Foto: Marcelo Camargo/Agência Brasil
Por Denise Assis, jornalista e colunista de O Cafezinho
Prezado Michel,
Relutei muito antes de optar por esta forma de comunicação. Não queria, de jeito nenhum, ter que me dirigir a você dispensando-lhe o tratamento de V. Excelência. Não acho próprio, dado o atalho que escolheu para chegar lá. Mas já que chegou, esperávamos que o seu comportamento daí por diante fosse mais discreto do que o usado, por exemplo, nos tempos em que você transitava pelo Porto de Santos. Vejo, porém, que confiando nos seus aliados, tão indiciados quanto, suas práticas foram ficando cada vez menos cuidadosas, mais abusadas, porquanto insustentáveis. Daí, tomei da pena.
A atitude de receber um empresário que havia lhe prometido uma mesada para o resto da vida (sim, porque 20 anos para quem já passou dos 70, pode ser, sim, para o resto da vida) no “escurinho do cinema”, não deve ser escudada na desculpa de que a carne é fraca. Àquela altura a carne era forte e exportada para o mundo todo.

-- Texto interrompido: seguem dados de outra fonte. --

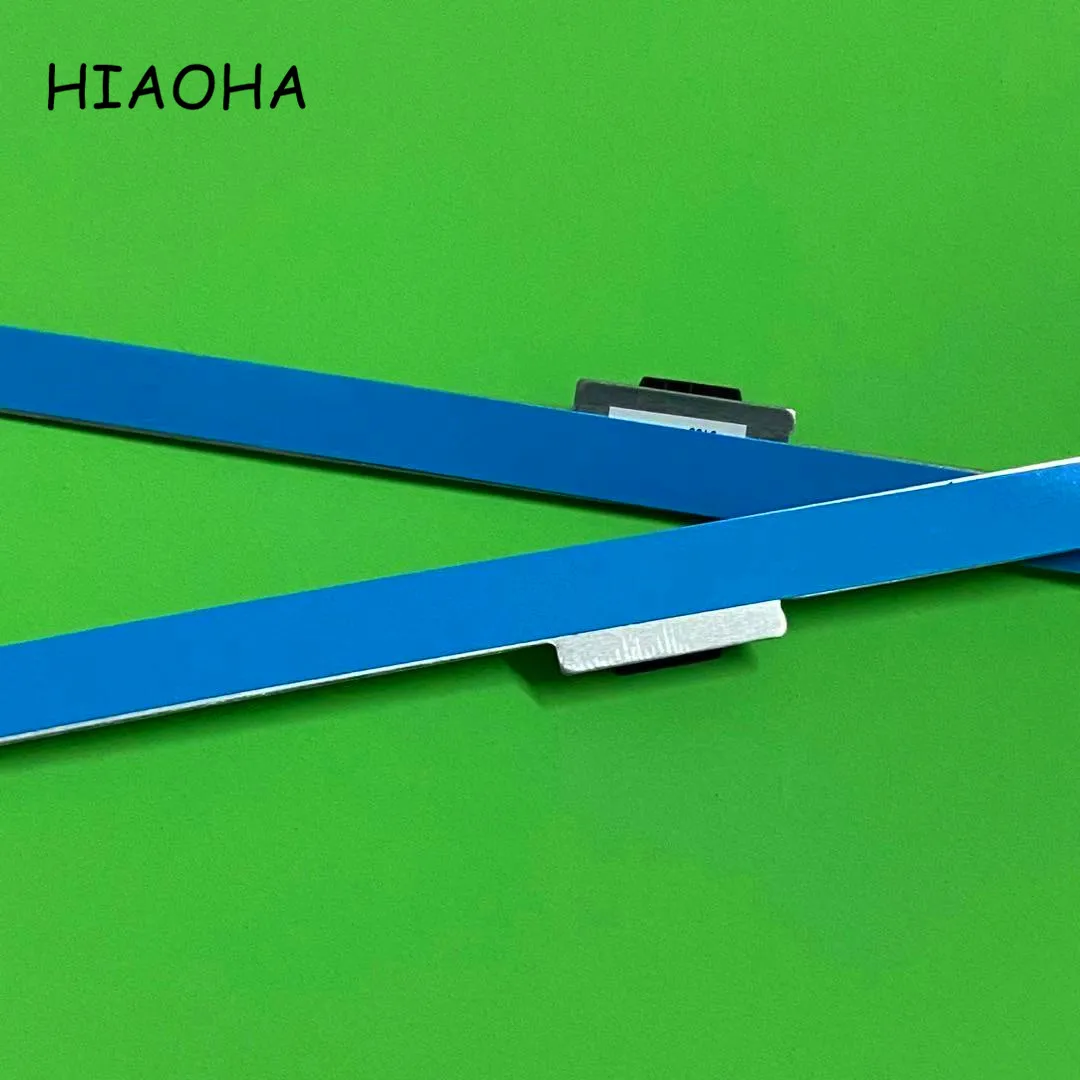 

2pcs Original LED Backlight Lamp Strip For LG TV 60UH8500 60" V16 AS1 6916L2454A 6916L2455A 6922L-0196A LC600EQF(DJ)(F1) 78LED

Não havia, ainda, acontecido a operação comandada por aquela turma que quase tirou o Brasil do mapa da exportação de carne.
Erro de assessoria, Michel. Até entendo. Não deve ter muita gente, a esta altura, com competência e esclarecimento, querendo assessorá-lo. Daí você ter que lançar mão da segunda turma. Mas você é o chefe, Michel. Ao colocar essa nota na rua, deveria ter checado datas. Não é isto que você cobra dos seus antecessores? Que saibam de tudo, do Oiapoque ao Chuí? Que tivessem dominado todas as esferas de poder, que tivessem cuidado de todas as gavetas do Planalto? Então como é que você deixou essa informação rolar frouxa desse jeito?
Isto, depois de ter colocado os seus familiares dentro de um avião do mesmo empresário amigo, com direito a flores enviadas por sua delicada mãe, ou seja, serviço de bordo pra lá de personalizado. E depois, dizer que o avião era da FAB? Ora, Michel, será que vocês não notaram a diferença? A fragrância do vaporizador de ambiente no ar, o cartão assinado pela gentil senhora, a maciez do couro das poltronas, a decoração refinada? Ficou feio e transgressor admitir, em seguida que, sim, era o avião do “boi voador”.
Porém, Michel, o que realmente calou fundo em nossos corações traumatizados por anos de arbítrio, foi ver você lançar mão de meios ditatoriais, policialescos, truculentos, da escuta oficiosa, com o fim de denegrir a imagem daquele que detém informações trepidantes a seu respeito. Nem em filmes do Monty Python, parodiando repúblicas das bananas isto cairia bem no enredo.
Até porque, nos coloca a todos sob ameaça, e ainda embaralha e enfraquece a autonomia dos poderes, Michel. São eles o sustentáculo de uma democracia que a gente perdeu, mas que você, num jogo de faz de contas, tentava dissimular o sumiço. A continuar a se “equivocar” assim, irá ladeira abaixo, e não haverá Gilmar que lhe sustente, Michel. Troque já a sua assessoria, e comece a checar tudo o que for ganhar as ruas. Entendo que você esteja bem ocupado, tentando fazer “um agrado” a cada um dos 342 deputados de que precisa, para livrá-lo de um final melancólico, como é a destituição do poder.
Mas mentir é feio e enterrará de vez a sua já rota biografia. E abusar do poder para bisbilhotar os que atravessam o seu caminho, nos levará a começar a cobrar o resultado das investigações daquele avião. Lembra?